Oloé imaginaire pour lectures récentes


On dirait que ce serait l'été, ou plutôt sa fin, un peu avant la rentrée des classes, il y a longtemps, à côté d'une maison amie... on serait monté sur les pentes du Faron, en suivant l'ânesse chargée de provisions pour le dîner, puisqu'il n'y avait pas encore de route, juste un chemin aussi caillouteux qu'un torrent, on aurait suivi le Colonel dans les restanques, on l'aurait écouté raconter comment il les avait construites avec un voisin, et nous expliquer, trop vaguement, parce qu'il savait que nous ne comprendrions pas, la construction des murs de pierres sèches, et après le goûter, avant que la nuit tombe et qu'on allume les lampes à pétrole, j'aurais laissé les autres jouer ou discuter et je serais sortie avec un livre et une machine à lire qui ne serait pas encore imaginée, pour découvrir, en levant de temps en temps les yeux pour rêver devant la vue, des textes qui ne seraient pas encore écrits.

N'importe quoi... mais je suis dans l'antre, un samedi soir, je me dis que je devrais, comme on pose une petite pierre, mentionner mes lectures de ces derniers soirs, et je suis, aussi, devant des photos, un fichier ouvert plus tôt pour y choisir quelques images à envoyer, et il y a celle-ci, la force de mon imagination, un souvenir vague, une envie de chaleur poussiéreuse des pierres, d'odeurs de maquis, d'air bruissant..

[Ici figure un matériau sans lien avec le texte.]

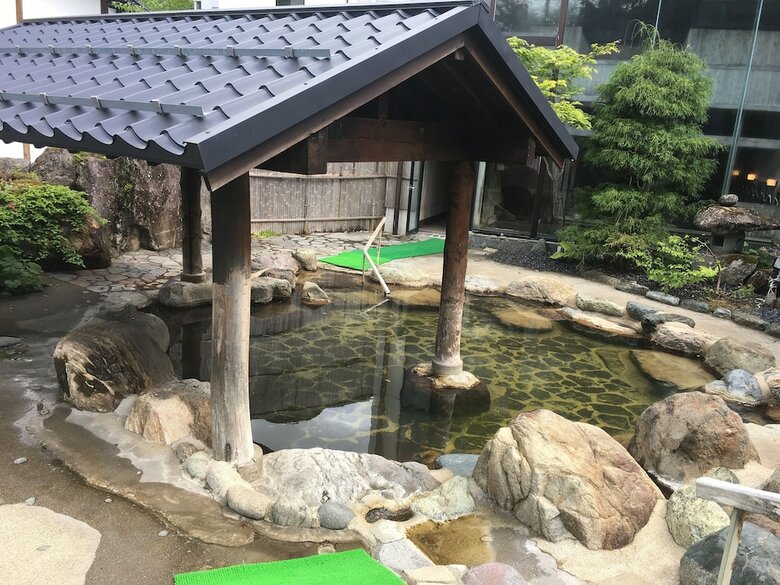 Okada Ryokan Warakutei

Plus simplement, dire le plaisir d'avoir encore beaucoup à découvrir chez Claude Simon, dire la lecture, lente, dans la nuit, du tramway, la sensualité des phrases et la mort, la dégénerescence qui baignent tous les souvenirs, les allers et retours entre le trajet du tramway, l'hôpital, l'enfance, la mère etc...
renoncer à en parler, prélever quelques phrases, ou lambeaux de phrases, ceux choisis pour Babelio, comme un morceau de patchwork
.. les deux vieillards (quoique gendre et belle-maman, ils semblaient à nos yeux d'enfants appartenir à la même génération) formant sous la lumière crue - ou plutôt cruelle - de la suspension qui creusait leurs masques flétris (sinon même, chez notre grand-mere, ravagé) un couple quelque peu hallucinant...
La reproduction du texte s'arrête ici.